E como é que que o fazem?
Com conhecimento, é para isso que promovemos estudos e investigação. Fazemos formação para os nossos produtores e uma reunião no final de cada ano para dar conta do trabalho desenvolvido. Temos também uma escola itinerante de viticultura natural com um grupo de agrónomos que vão até aos agricultores. Quem falha e não quer aprender tem de sair, é posto fora.

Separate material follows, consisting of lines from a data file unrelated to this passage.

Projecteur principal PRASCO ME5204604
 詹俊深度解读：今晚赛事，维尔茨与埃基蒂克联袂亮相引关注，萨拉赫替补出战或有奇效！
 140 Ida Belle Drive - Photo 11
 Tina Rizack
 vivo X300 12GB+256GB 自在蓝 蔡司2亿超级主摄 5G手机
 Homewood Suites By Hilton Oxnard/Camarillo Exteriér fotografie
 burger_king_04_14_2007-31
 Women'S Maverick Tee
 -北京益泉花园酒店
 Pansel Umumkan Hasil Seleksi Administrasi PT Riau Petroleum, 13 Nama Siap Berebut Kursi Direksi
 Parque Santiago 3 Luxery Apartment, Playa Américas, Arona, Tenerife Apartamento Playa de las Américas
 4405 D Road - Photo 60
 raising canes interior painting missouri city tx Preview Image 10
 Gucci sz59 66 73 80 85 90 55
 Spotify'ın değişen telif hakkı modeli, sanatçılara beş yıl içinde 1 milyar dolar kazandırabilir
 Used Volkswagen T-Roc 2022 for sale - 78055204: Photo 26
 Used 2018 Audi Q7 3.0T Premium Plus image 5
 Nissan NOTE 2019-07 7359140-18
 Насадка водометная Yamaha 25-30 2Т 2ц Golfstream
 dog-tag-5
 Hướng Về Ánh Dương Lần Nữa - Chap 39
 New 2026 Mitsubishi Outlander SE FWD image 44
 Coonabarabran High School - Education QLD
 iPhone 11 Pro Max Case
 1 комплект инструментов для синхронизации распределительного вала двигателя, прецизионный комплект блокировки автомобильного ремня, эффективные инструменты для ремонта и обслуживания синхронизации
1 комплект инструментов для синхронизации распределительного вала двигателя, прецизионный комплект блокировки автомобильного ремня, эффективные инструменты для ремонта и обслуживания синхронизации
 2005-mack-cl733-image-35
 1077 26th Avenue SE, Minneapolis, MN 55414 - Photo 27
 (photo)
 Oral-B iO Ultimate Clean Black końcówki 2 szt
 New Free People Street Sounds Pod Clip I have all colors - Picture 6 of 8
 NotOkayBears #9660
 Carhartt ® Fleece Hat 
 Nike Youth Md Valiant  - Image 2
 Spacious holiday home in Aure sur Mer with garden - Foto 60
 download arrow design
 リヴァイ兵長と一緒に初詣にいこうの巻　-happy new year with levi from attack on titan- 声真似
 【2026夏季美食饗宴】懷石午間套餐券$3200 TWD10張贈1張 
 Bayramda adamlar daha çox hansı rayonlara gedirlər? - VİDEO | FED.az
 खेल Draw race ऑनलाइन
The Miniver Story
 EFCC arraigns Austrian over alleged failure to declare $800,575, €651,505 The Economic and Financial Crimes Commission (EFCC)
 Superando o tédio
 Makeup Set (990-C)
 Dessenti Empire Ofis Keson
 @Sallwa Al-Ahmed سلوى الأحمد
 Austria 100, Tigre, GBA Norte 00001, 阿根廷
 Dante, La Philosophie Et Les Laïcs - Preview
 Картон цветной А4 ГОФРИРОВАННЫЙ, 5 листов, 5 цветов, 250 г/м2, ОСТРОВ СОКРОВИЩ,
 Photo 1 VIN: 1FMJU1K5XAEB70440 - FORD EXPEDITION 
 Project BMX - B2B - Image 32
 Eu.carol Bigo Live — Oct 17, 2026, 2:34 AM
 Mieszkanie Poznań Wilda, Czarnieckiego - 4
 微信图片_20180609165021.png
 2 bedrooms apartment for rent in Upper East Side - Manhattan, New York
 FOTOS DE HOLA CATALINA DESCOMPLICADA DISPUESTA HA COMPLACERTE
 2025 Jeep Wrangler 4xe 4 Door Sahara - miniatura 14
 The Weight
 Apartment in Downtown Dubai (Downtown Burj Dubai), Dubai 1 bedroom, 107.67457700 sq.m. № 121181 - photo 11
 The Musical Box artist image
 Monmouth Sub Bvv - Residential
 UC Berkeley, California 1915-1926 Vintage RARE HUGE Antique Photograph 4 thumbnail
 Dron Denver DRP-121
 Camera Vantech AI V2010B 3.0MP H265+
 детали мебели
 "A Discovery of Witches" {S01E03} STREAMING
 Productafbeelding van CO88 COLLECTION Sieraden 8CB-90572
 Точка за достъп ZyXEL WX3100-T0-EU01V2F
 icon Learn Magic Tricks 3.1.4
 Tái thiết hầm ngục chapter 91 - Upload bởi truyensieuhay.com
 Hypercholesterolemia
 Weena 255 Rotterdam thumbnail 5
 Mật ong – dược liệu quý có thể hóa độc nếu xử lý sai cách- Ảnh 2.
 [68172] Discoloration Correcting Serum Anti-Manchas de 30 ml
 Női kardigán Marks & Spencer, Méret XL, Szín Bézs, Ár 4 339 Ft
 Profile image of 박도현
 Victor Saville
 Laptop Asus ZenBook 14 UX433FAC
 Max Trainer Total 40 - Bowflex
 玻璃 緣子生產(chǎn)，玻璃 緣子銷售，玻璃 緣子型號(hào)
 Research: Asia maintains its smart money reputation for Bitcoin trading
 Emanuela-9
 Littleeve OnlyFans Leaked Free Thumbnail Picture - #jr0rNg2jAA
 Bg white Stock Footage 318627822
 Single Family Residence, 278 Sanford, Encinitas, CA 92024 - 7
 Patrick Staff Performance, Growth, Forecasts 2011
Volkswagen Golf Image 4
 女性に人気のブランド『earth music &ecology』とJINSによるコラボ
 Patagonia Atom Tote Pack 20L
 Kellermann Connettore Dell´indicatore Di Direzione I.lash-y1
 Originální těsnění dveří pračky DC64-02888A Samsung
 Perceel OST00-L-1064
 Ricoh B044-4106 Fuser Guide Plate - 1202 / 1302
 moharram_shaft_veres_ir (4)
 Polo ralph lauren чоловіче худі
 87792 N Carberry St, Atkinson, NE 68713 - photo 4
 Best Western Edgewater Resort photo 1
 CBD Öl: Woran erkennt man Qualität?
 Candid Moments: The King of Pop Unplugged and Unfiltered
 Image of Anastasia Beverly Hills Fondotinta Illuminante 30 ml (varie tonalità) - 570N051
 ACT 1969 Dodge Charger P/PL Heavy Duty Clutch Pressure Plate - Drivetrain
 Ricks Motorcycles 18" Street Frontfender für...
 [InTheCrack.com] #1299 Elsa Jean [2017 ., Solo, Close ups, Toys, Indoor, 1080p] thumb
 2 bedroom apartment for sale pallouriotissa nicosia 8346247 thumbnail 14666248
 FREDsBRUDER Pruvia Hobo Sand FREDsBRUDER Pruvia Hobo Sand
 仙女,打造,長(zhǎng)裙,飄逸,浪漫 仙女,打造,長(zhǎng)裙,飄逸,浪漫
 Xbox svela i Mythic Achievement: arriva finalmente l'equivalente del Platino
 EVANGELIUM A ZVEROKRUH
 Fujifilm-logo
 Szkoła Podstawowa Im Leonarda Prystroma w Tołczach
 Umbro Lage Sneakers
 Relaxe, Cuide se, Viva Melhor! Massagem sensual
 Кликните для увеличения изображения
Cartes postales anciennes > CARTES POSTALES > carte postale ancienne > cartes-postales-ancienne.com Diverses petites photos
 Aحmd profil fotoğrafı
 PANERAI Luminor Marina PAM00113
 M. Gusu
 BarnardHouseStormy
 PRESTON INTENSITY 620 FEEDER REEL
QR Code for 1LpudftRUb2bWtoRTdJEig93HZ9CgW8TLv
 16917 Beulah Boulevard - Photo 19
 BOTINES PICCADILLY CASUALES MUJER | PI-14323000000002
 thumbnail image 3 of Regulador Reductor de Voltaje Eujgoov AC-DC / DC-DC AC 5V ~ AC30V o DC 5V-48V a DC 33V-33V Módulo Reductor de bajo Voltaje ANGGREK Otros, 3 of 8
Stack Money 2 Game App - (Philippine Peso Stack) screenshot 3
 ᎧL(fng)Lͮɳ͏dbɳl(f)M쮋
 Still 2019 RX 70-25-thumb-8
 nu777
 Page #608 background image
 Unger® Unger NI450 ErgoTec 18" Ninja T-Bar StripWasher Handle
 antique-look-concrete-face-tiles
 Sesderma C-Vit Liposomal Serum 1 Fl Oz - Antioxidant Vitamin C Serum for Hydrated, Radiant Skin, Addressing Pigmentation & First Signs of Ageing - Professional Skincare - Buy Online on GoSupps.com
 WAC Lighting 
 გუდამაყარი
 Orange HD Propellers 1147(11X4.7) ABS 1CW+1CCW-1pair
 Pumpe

É através de método e do conhecimento que se alcançam os objectivos, tanto qualitativos como sanitários.

Pode o consumidor identificar diferenças entre um vinho natural, biodinâmico, orgânico, biológico ou convencional?
Um belíssimo exemplo, tive-o recentemente no Japão, quando uma senhora esperou por mim para me oferecer uma peça de louça. Mas porquê?, perguntei. Porque sinto uma emoção quando bebo os teus vinhos, disse. Também numa enoteca um jovem dizia que os meus vinhos lhe transmitiam uma energia especial. É uma coisa que nosso ADN reconhece. Não é apenas quanta fruta, mineral, álcool, mas antes quanta emoção te proporciona um vinho, tem de transmitir emoção.

Foto
Angiolino Maule dr

Mas essa emoção também é muitas vezes manifestada pelos consumidores dos vinhos convencionais...
Porque há qualquer coisa que os inebria, e não deveria estar associada ao álcool. Os vinhos naturais não estão associados à cultura do álcool, mas antes à cultura do território. Vinhos que não estão apenas ligados à ausência de pesticidas ou sulfitos, mas algo que traz emoção, que te transporta até um lugar qualquer.

Publicou também um livro, A concretização de um sonho — como fazer vinho apenas com uvas. É uma espécie bíblia para os vinhos naturais?
Não, não. Longe disso. Quando acabei apetecia-me logo começar outro, há muitas coisas que não entraram. É uma coisa que fiz com o apoio de um grupo de especialistas, com prefácio de Carlo Petrini, o fundador do movimento Slow Food. Um manual para fazer vinho natural, da escolha dos solos às técnicas de cultivo e de trabalho na adega. Ideal para os jovens enólogos, acabados de sair da faculdade, ou para aqueles que são contra os vinhos naturais encontram ali muita informação.